WHAT THE TASK REQUIRES: Leave every image behind and restate the data word for word.

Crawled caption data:
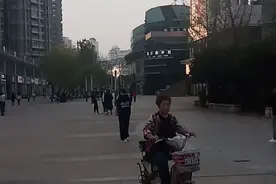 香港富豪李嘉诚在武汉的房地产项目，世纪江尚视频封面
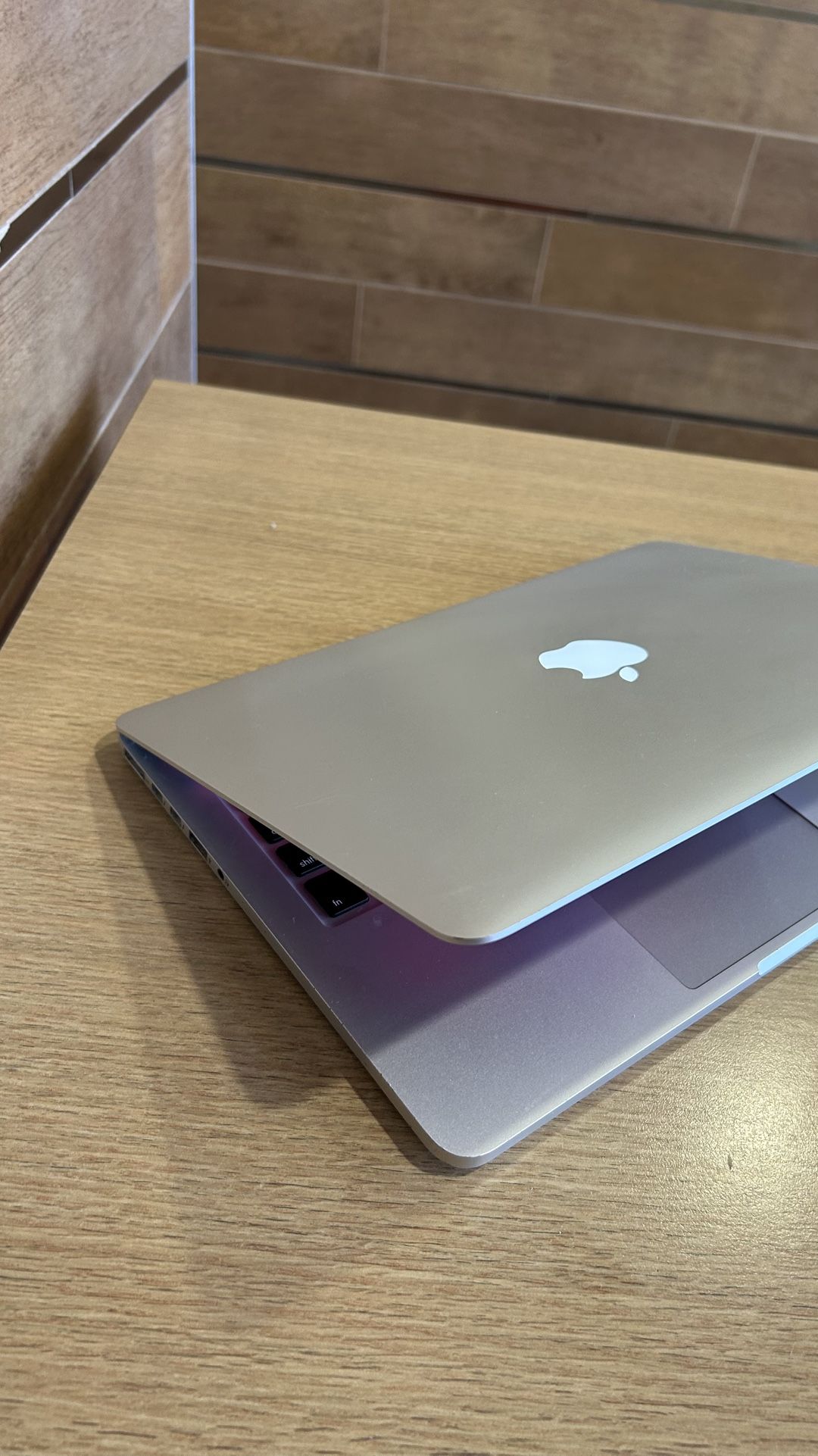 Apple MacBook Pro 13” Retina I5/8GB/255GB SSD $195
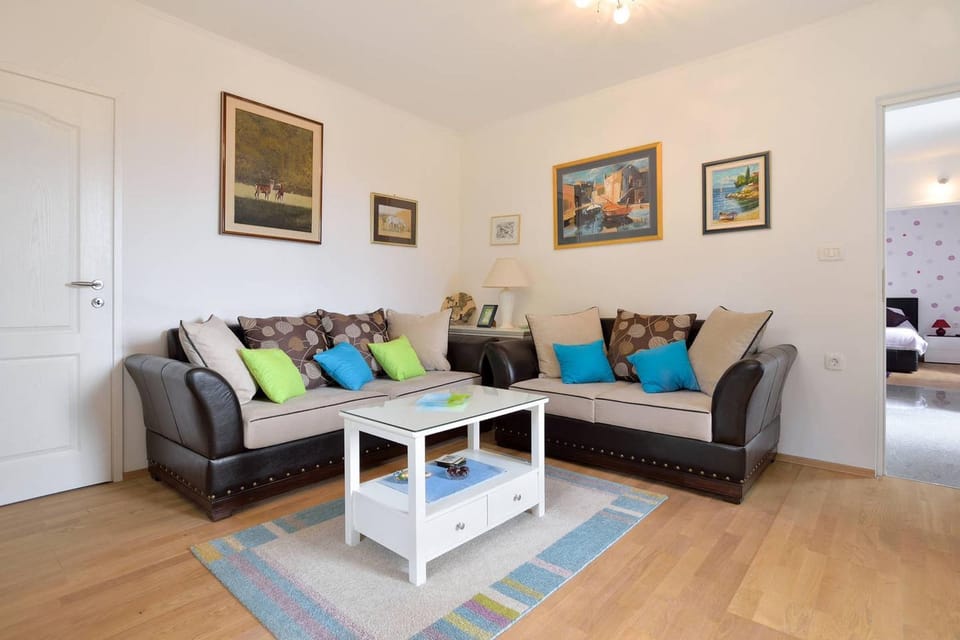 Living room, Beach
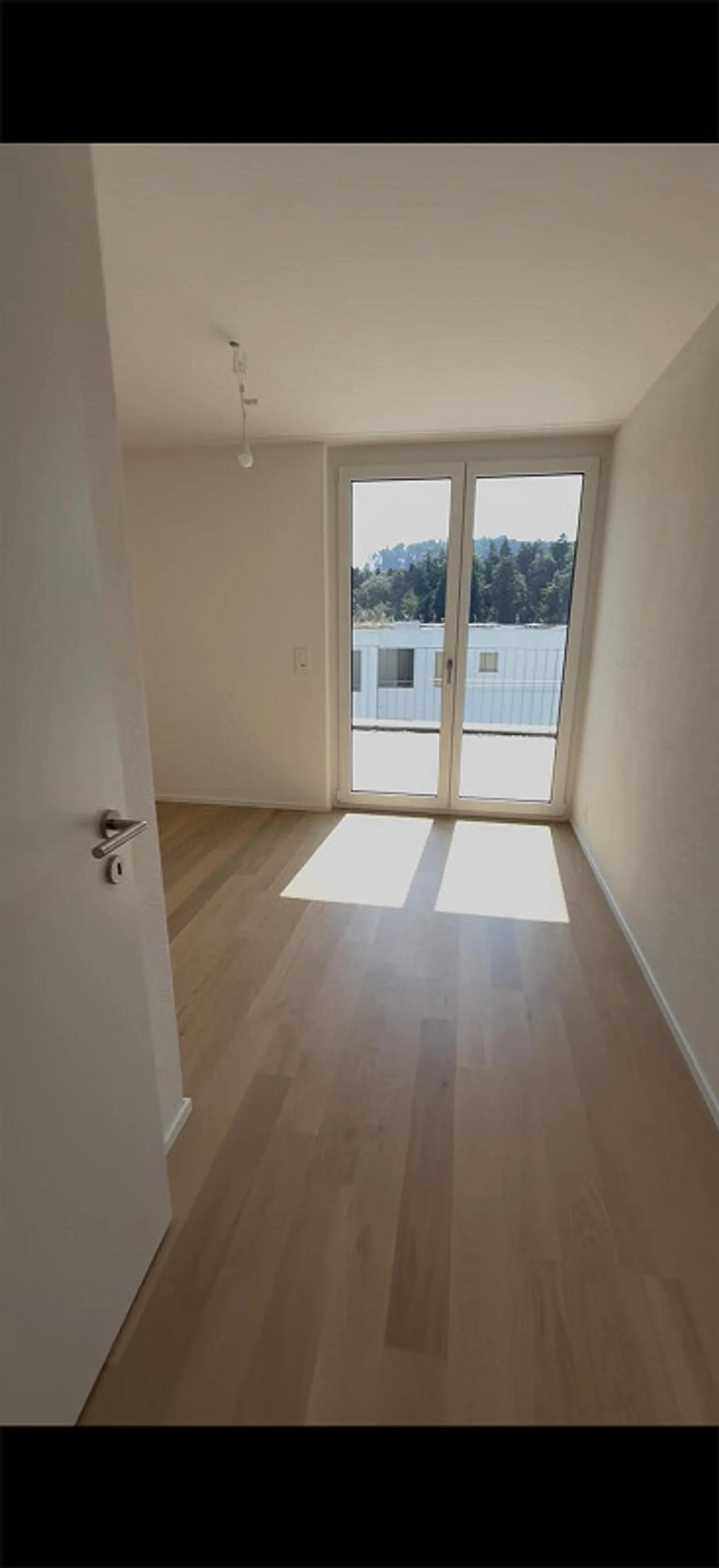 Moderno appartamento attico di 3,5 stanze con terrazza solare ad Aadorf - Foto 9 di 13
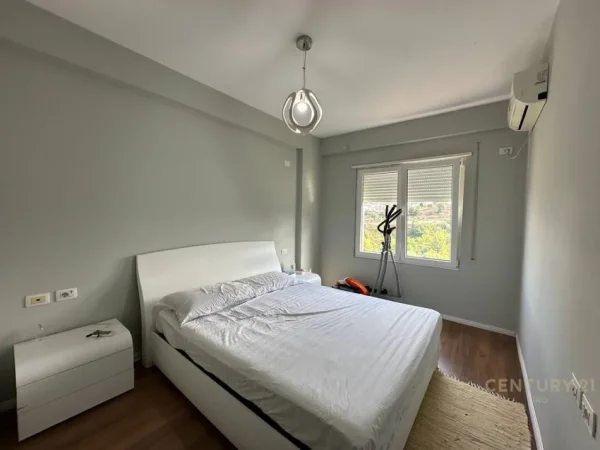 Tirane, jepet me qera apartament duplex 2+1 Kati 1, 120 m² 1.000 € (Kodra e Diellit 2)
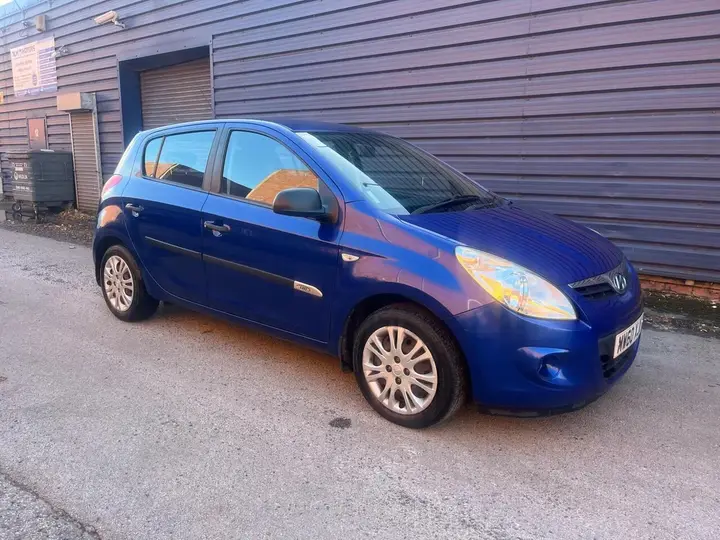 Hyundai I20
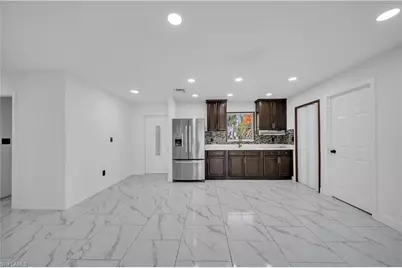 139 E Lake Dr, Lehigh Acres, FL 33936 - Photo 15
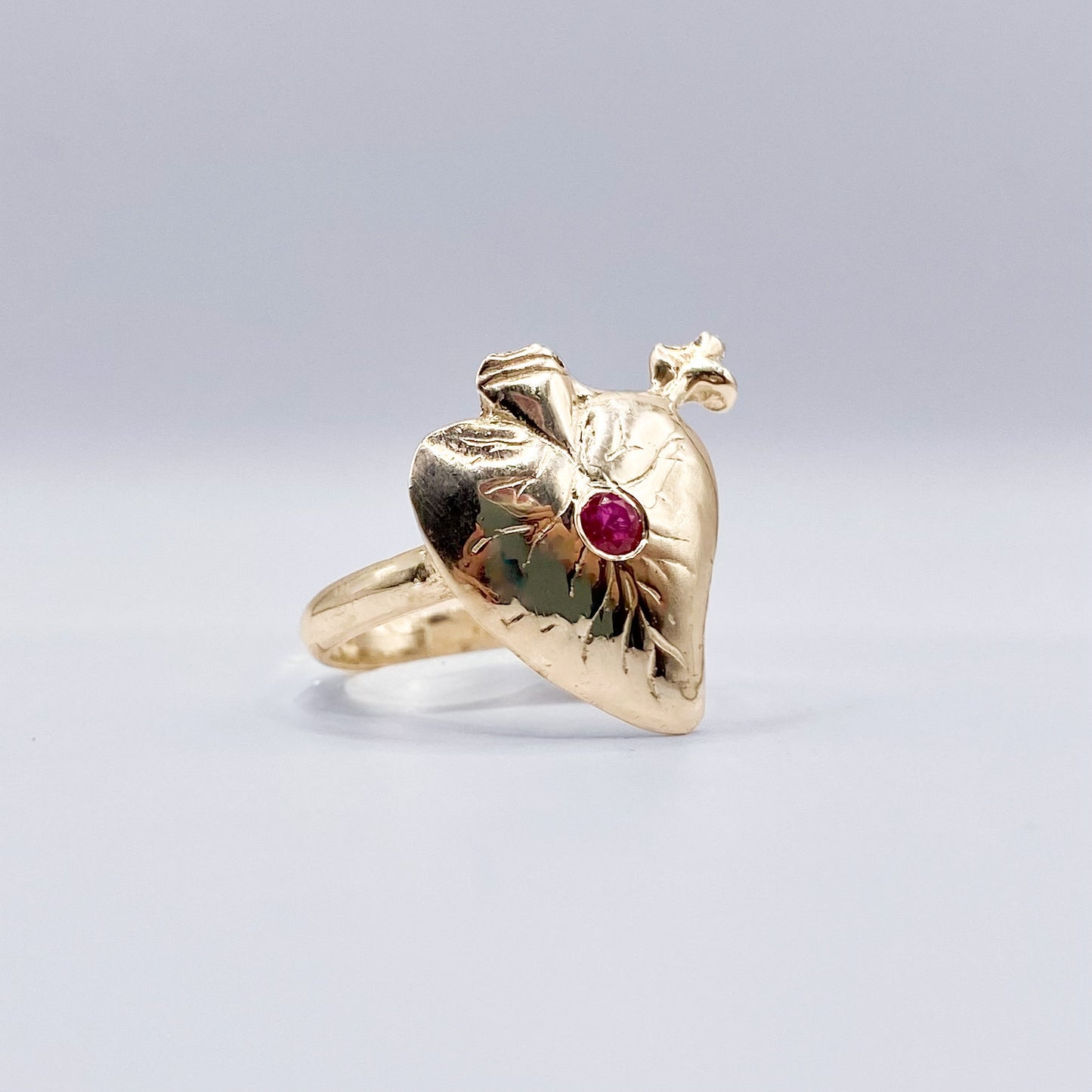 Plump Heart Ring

ANSWER BOX:
 香港富豪李嘉诚在武汉的房地产项目，世纪江尚视频封面
 Apple MacBook Pro 13” Retina I5/8GB/255GB SSD $195
 Living room, Beach
 Moderno appartamento attico di 3,5 stanze con terrazza solare ad Aadorf - Foto 9 di 13
 Tirane, jepet me qera apartament duplex 2+1 Kati 1, 120 m² 1.000 € (Kodra e Diellit 2)
 Hyundai I20
 139 E Lake Dr, Lehigh Acres, FL 33936 - Photo 15
 Plump Heart Ring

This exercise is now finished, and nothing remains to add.